Nova Scotia’s link between learning and healing goes back to 1868, when Dalhousie University opened the Faculty of Medicine and the province matched it with a teaching hospital in Halifax.

Today, Dalhousie and what is now the QEII, work hand-in-hand, providing the leading medical practitioners and researchers for the region. This group also teaches the next generation, and many Dalhousie graduates go on to become QEII physicians.

Students spend more time at the hospital as their degrees progress, and many enter residencies to become specialists. They also have the opportunity to participate in simulation-based learning at one of the QEII’s three simulation centres. Simulation is a technique of modeling real-life situations to provide training in an interactive environment. Participants are able to rehearse scenarios and refine skills, without risk, so they are better prepared for actual patient care.

Dr. David Anderson’s personal connection goes back to the early 1980s when he graduated from Dalhousie’s medical school and started working at the QEII. For several years, he’s been the QEII’s chief of the department of medicine but starting this summer, he’ll serve as Dalhousie’s Dean of the Faculty of Medicine.

“There’s a very strong connection between the university and the health centre,” he says. “Most students in medicine, and the other health professionals, do receive training in the hospital and spend time looking after patients under the direction of supervising physicians or other health professionals.”

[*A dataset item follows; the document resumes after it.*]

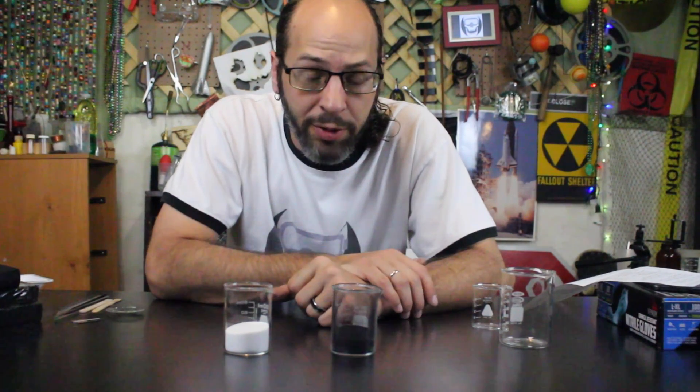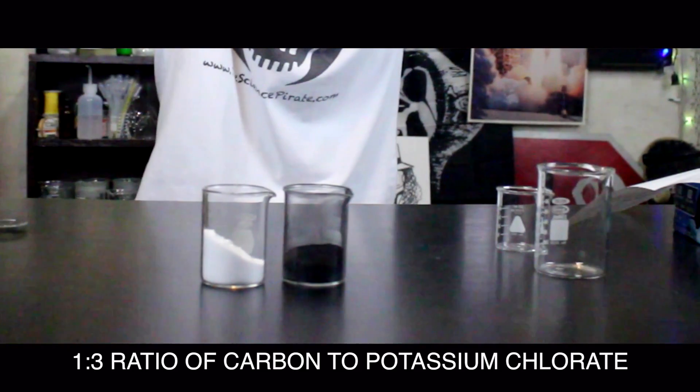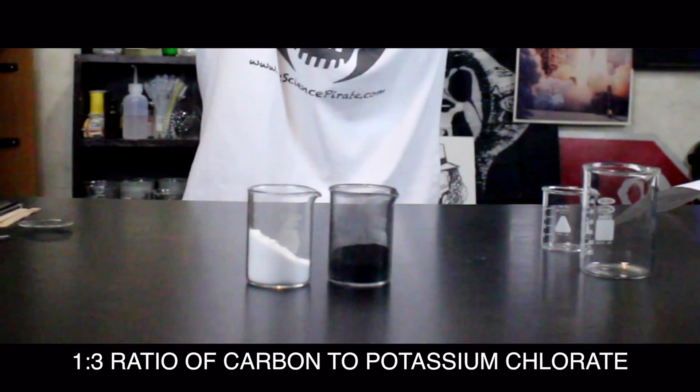Now, we have our carbon and our potassium chlorate. We're going to mix the two together in a one to three ratio. All right, so let's mix it up, and then we're going to go outside and test it.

Clinicians perform medical procedures, teach about them, and conduct research. “It’s all interwoven. We don’t have people who teach full time and don’t do any care delivery, or don’t do any research,” Dr. Anderson says.

“Many of us who work in the system don’t see a big distinction between the work that you do when you’re delivering care and the work you do when you’re delivering education and research programs.”

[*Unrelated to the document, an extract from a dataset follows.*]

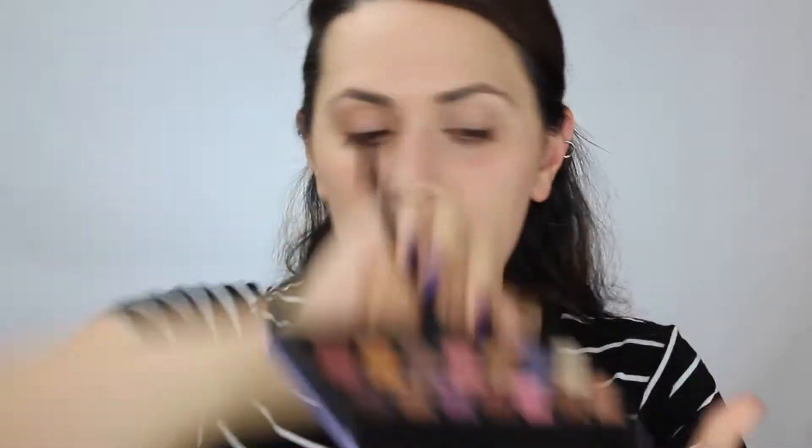The first shade I'm going to be dipping into is Sol, this purple shade. It is super pretty and it's not really a full matte. It's got some shimmer in it, which is kind of interesting. I wouldn't call it like a shimmer shadow, really. It's more matte, but it does have some shimmer in it.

It’s good for the medical practitioners, because teaching keeps them fresh and research advances their work. It’s good for students because they’re learning straight from the field. “There really are fantastic benefits for patient care. The people who are really interested in education and research are usually at the cutting edge of healthcare advances,” Dr. Anderson says. “You’re getting people who are passionate about their areas of work and want to transfer that information to the students and the patients.”

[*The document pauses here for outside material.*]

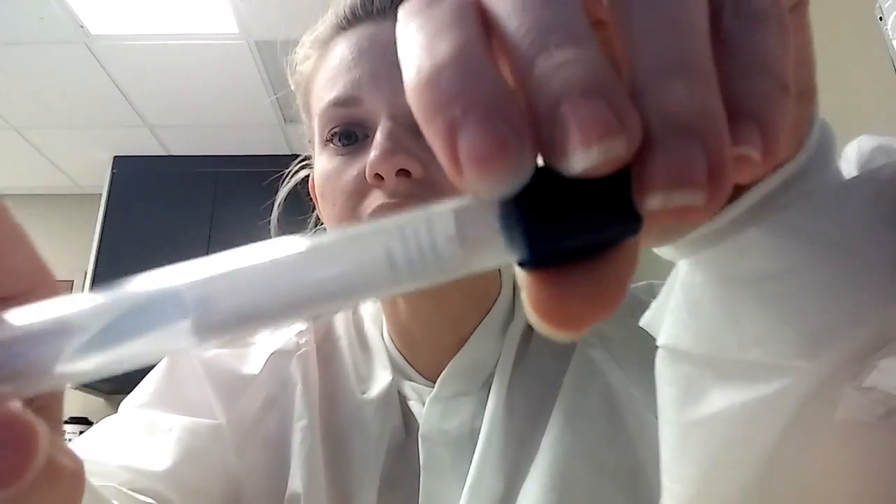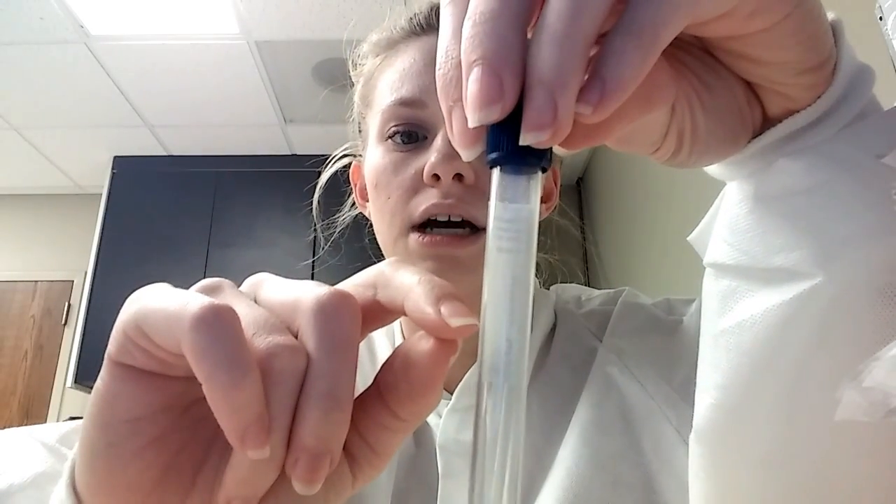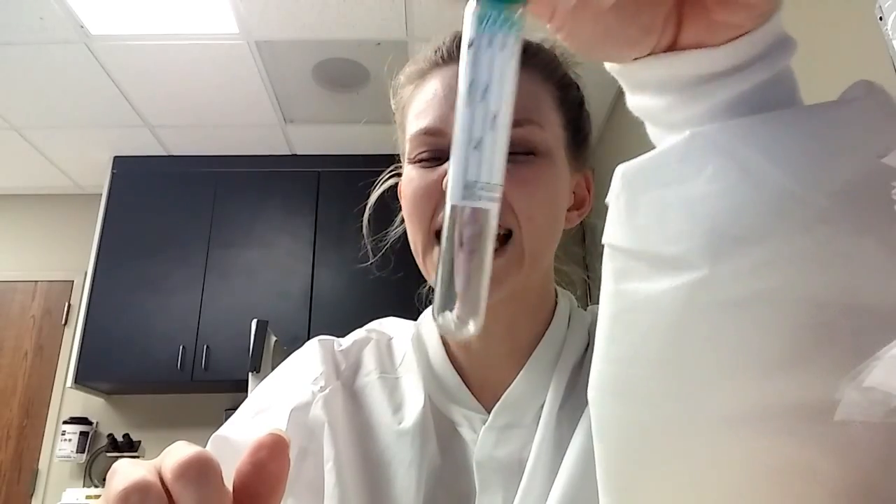This little blue tube — you can see some sprayed inside — has K2 EDTA like the purple, but these are treated for trace element detection. These are what we use for lead blood analysis. If you think someone has ingested some kind of lead, we draw this to find their lead levels.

He points to two recent successes: Dr. Paige Moorhouse and Dr. Melissa Andrews, both of whom trained at Dalhousie’s medical school. Dr. Moorhouse now co-leads a program looking at care for elderly people that has received national recognition. She also co-leads the QEII’s Frailty Strategy.

Dr. Andrews went on to earn her PhD in London and now works for the QEII as a leading geriatric researcher, clinician and teacher. She also helped the Department of Health and Wellness develop its dementia strategy for Nova Scotia.

Dr. Anderson is excited to start his new post as the Dean of the Faculty of Medicine in July. “It’s a very exciting opportunity for me, and a very important job to be able to work with my colleagues and deliver these excellent programs,” he says. “There is a very important relationship between the two organizations.”

And he’ll help keep the circle of teaching, working and researching alive for another generation.